The Ministry of Natural Resources and the Federation of Canadian Municipalities (FCM) are providing investments through FCM’s Green Municipal Fund (GMF) to help improve the quality of water, land, and air in communities across Alberta.

“Through the Green Municipal Fund we’re supporting municipalities in their efforts to lower emissions through projects like energy efficient retrofits, electric and hybrid electric transit pilots and efficiencies in wastewater treatment,” said Catherine McKenna, Minister of Infrastructure and Communities. “By working together, we can create good jobs and grow the economy, protect the environment, and build cleaner, more inclusive communities.”

The Town of Crossfield will receive $363,950 to test whether Swirltex Lagoon Unit technology can eliminate the need for constructing additional lagoon cells at the town’s existing water treatment facility.
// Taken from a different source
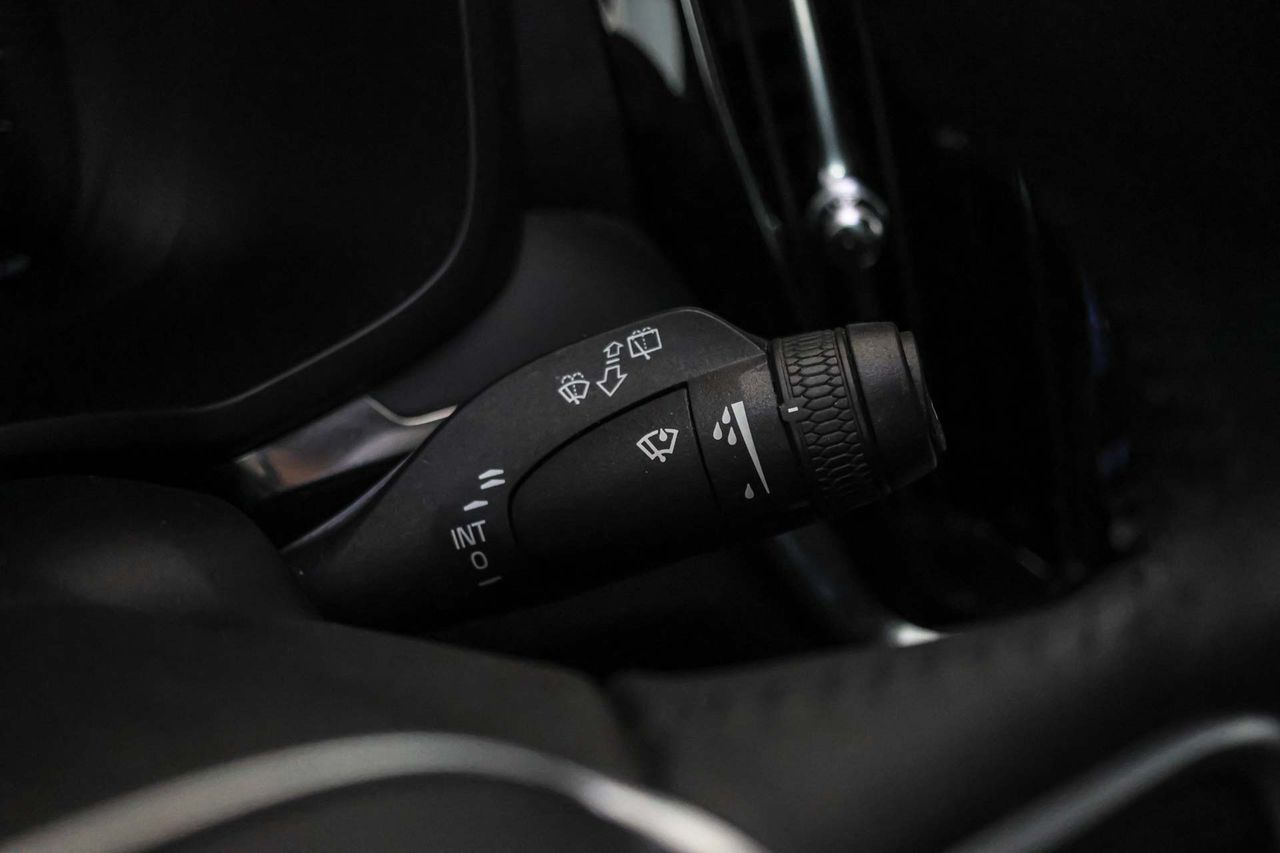Volvo V60 2.0 D3 Auto - Foto 39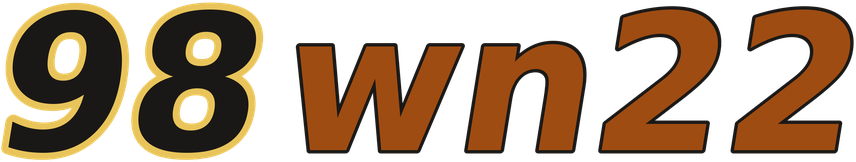 98wn22 logo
This would meet the demand of a growing population and enhance water quality in the Nose Hill watershed.

Brazeau County will receive $260,880 for a pilot project to assess the use of constructed floating wetlands to treat municipal sewage in waste stabilization ponds and improve the quality of wastewater before it is discharged into the environment.

The City of Leduc will receive $135,690 to assess environmental site conditions and develop a risk management or remedial action plan for its Public Services Main Shop and Public Services Storage Yard. Previous studies identified high chloride concentration and the presence of a chloride plume originating from the study area and migrating into nearby Telford Lake.

The City of Brooks will receive $82,000 in funding to undertake a feasibility study to determine whether significant capital and operating cost savings can be achieved through the design of an innovative wetland-based wastewater treatment system.  This would address the insufficient storage capacity of the current wastewater lagoons that are also in breach of provincial regulatory requirements.

The Town of High River will receive $35,150 to conduct a technical and financial feasibility study of constructing a pedestrian and cyclist bridge across the Highwood River to enhance the community’s connectivity and activity.

Featured image: Nose Hill Creek watershed in Alberta.